Our Bumpy Flight into Freedom

It has long puzzled me that the people who work the hardest to be a healing force on the planet are also the ones who get slammed first by the rising vibrational energies of the planet. Somehow I have never been able to quite wrap my head around the fact that those who try to be the most loving actually feel the rising vibrations before people who aren’t so occupied with trying to be their most loving selves.

Finally a healer friend shared an image that helped me understand the why of this. Caretakers, healers and those involved in trying to be their loving best are like the head geese in a formation as the formation flies into new territory.

Situated at the head of the formation the head geese shelter others and take the brunt of the headwinds. Like head geese, caretakers take the biggest battering from any shift in energies as they literally push into new territory first so it is not so hard for others to follow.

There has been a big amp up of energies on the planet in November and now December. This means caretaker head geese are feeling both tired and perhaps a bit perplexed by the radical contrast between the old energies and the new energies we have all flown smack into.

There is something incredibly exhilarating and alive about this new energy we’ve all flown into, but it doesn’t always feel great. At least , not yet.

This new energy can feel very disorienting. All activities not grounded in selfless love feel lifeless, while on the flip side, when we are in our hearts and acting from this place of love, everything feels radiant and amazing. But it is a challenge to stay in that love place. We need to be gentle with ourselves when we slip into the disorienting zombie place of old dead illusionary and habitual preoccupations.

Let’s face it, this flight into spiritual freedom is probably going to happen in a messy, bumpy way. We are all used to slipping back and forth from heart felt love to ego activities without feeling such an enormous difference in the two states. One always was a state of sleep/illusion and one was always a state of awakeness/love/reality but NOW it suddenly feels that way. There is just no confusing the two states of being. But the thing is, its disorienting to suddenly experience this divide so clearly.

Per usual, a big wave of interest in the same Flower Essences by all of you underscored our own sense of this dramatic transition. It reminds us that there are a lot of us trying to creatively and lovingly make sense of this new terrain.
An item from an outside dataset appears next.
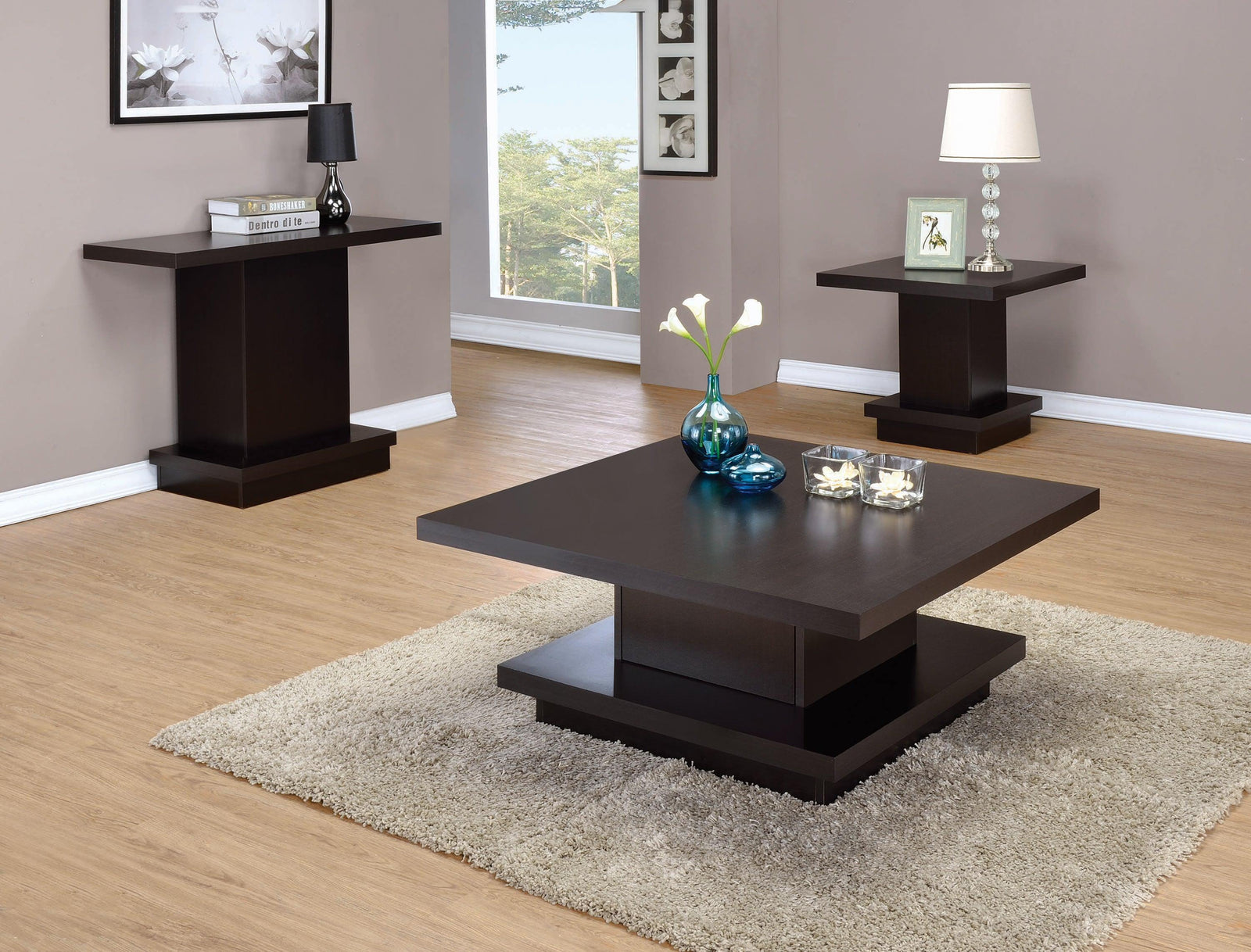 Reston Pedestal Square End Table Cappuccino - Ella Furniture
The rise in vibration has been quite alarming to many and never before have we sent out so much Red Clover to help people stay calm and not panic. Understandably, if habitual activities and pursuits suddenly feel completely dead to us as in ZOMBIE DEAD, it’s a strange new world.
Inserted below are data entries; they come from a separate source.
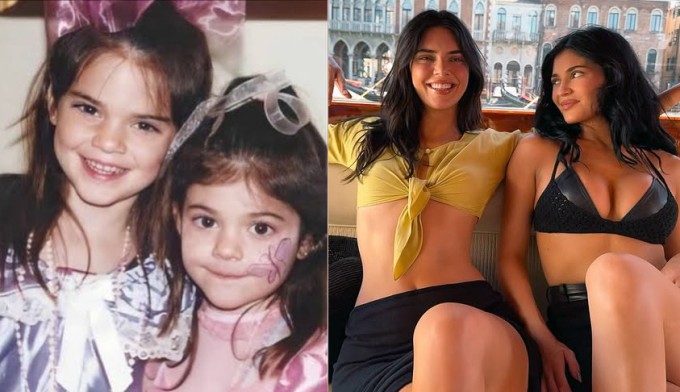 Hai chị em Kendall - Kylie kháu khỉnh thuở mẫu giáo và hiện tại.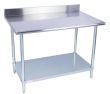 KCS WG-2424-B, 24x24-Inch Stainless Steel Work Table with Backsplash and Galvanized Undershelf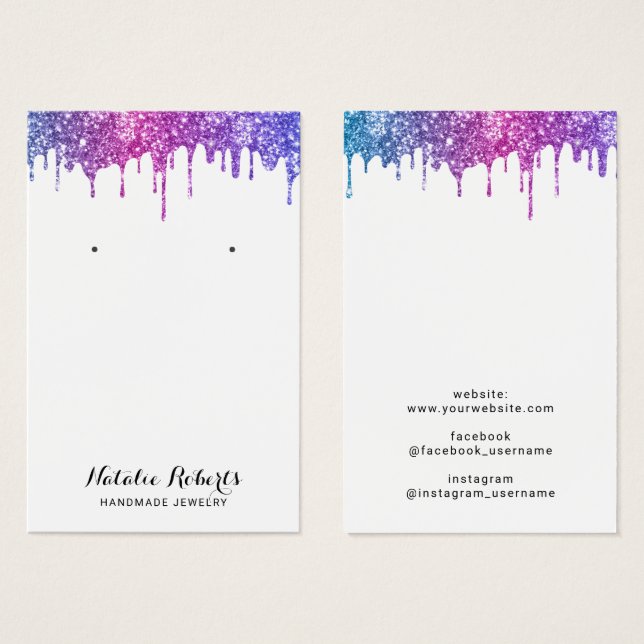 Moderne Einhorn-Glitzer-Tropfen verdienen Anzeige (Vorne & Hinten)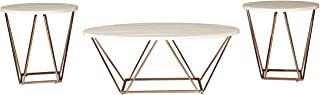 Photo 1 of (MISSING TABLE; DENTED SIDE)
Signature Design by Ashley - Tarica Occasional Coffee Table Set of 3, White/Gold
Fortunately, everything is solved by the same activity- centering in our hearts and living and loving from that place- and not only are there are Flower Essences that support us to go there, ALL CREATION supports us to make this leap because our planetary home is now holding this higher vibration.
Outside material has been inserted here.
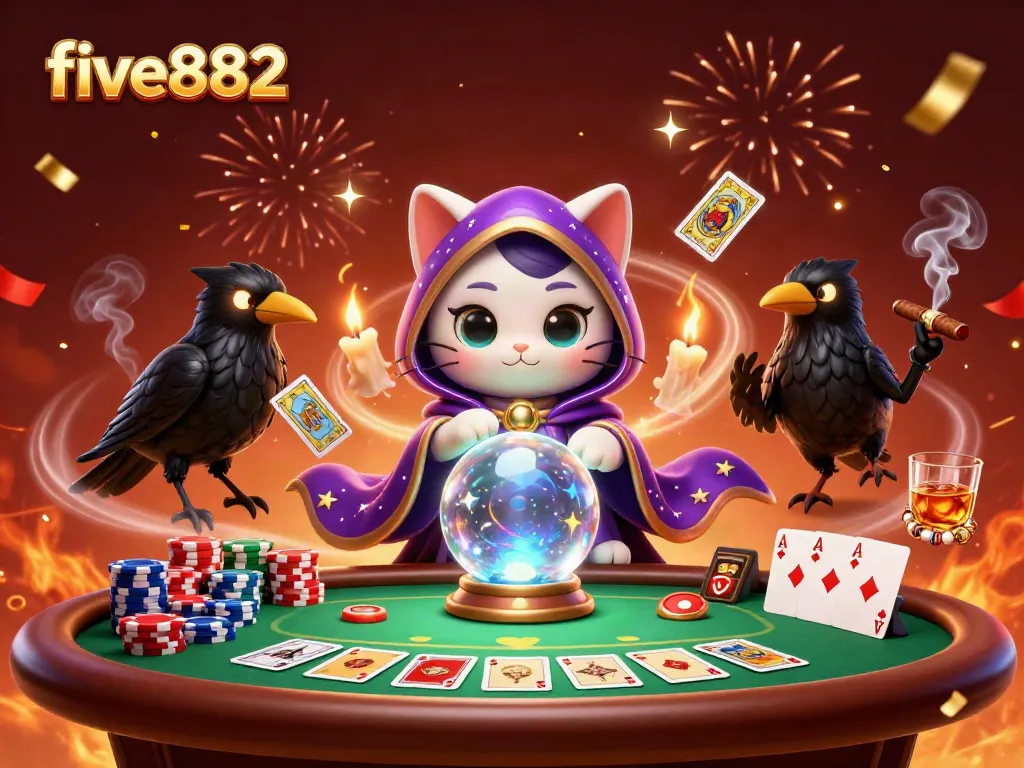 Engage in thrilling actions at five882, showcasing a mystical cat and raven amid poker excitement.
Our Venus Garden Flower Essence combination for this season, Love It and Leave It was created by the Angels and Elementals before we knew we would need this support, and I appreciate the grace of this. We must really let go of all that was and embrace what is.

The Angels’ Flower Essence creations for 2013 are just one of many reminders that we are not alone as we deal with this bewildering if amazing territory. We have wise helpers and each other. And the particular helpers from the Angelic and Elemental realms remind us that being a force of love is our only way forward and show us the way through such models as the Flower Essences.

Love is the only real thing and in this brave new world, it is definitely feels that way!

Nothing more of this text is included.